BEGIN

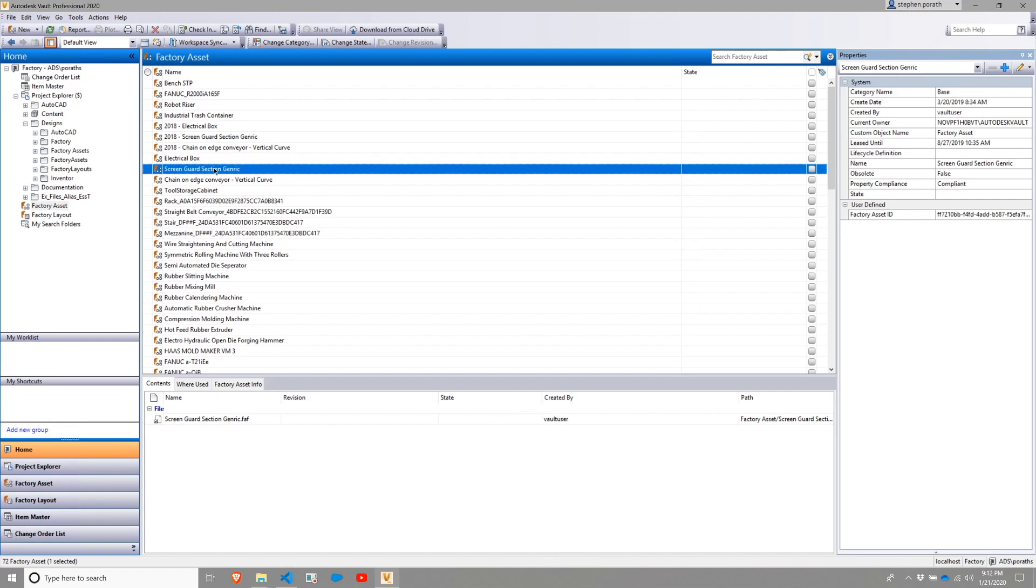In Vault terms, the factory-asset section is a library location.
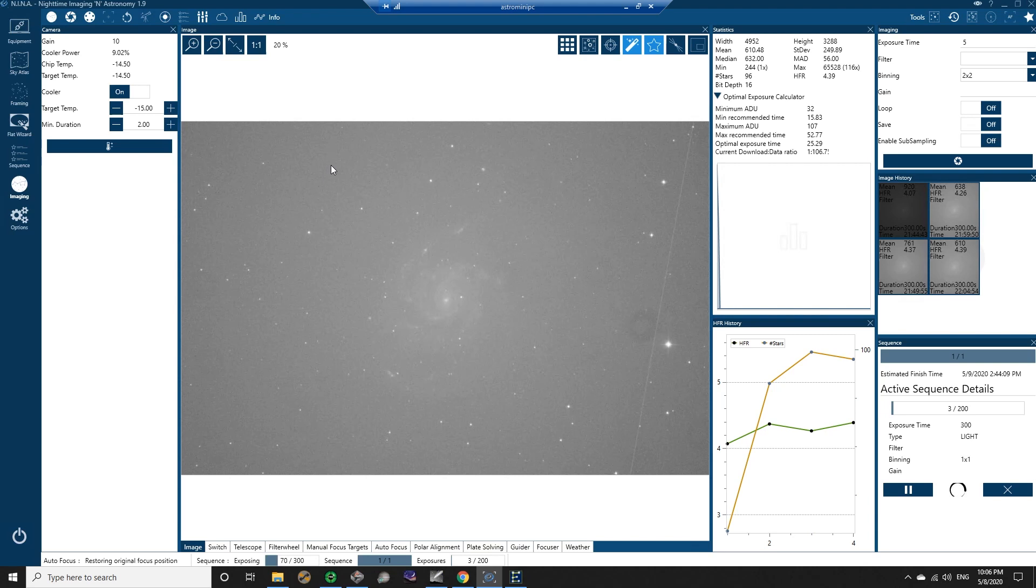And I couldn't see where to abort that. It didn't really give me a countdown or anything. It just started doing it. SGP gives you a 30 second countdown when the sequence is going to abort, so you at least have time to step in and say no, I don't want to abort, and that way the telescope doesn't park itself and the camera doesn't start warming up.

END
BEGIN

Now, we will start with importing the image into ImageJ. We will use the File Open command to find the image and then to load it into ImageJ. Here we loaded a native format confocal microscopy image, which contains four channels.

END

Repeat exactly the stretch of the listing above that starts with the line holding "In Vault terms, the" and finishes with the line holding "And I couldn't", both included. Skip every picture.

- Solution to the exercise:
In Vault terms, the factory-asset section is a library location.
And I couldn't see where to abort that. It didn't really give me a countdown or anything. It just started doing it. SGP gives you a 30 second countdown when the sequence is going to abort, so you at least have time to step in and say no, I don't want to abort, and that way the telescope doesn't park itself and the camera doesn't start warming up.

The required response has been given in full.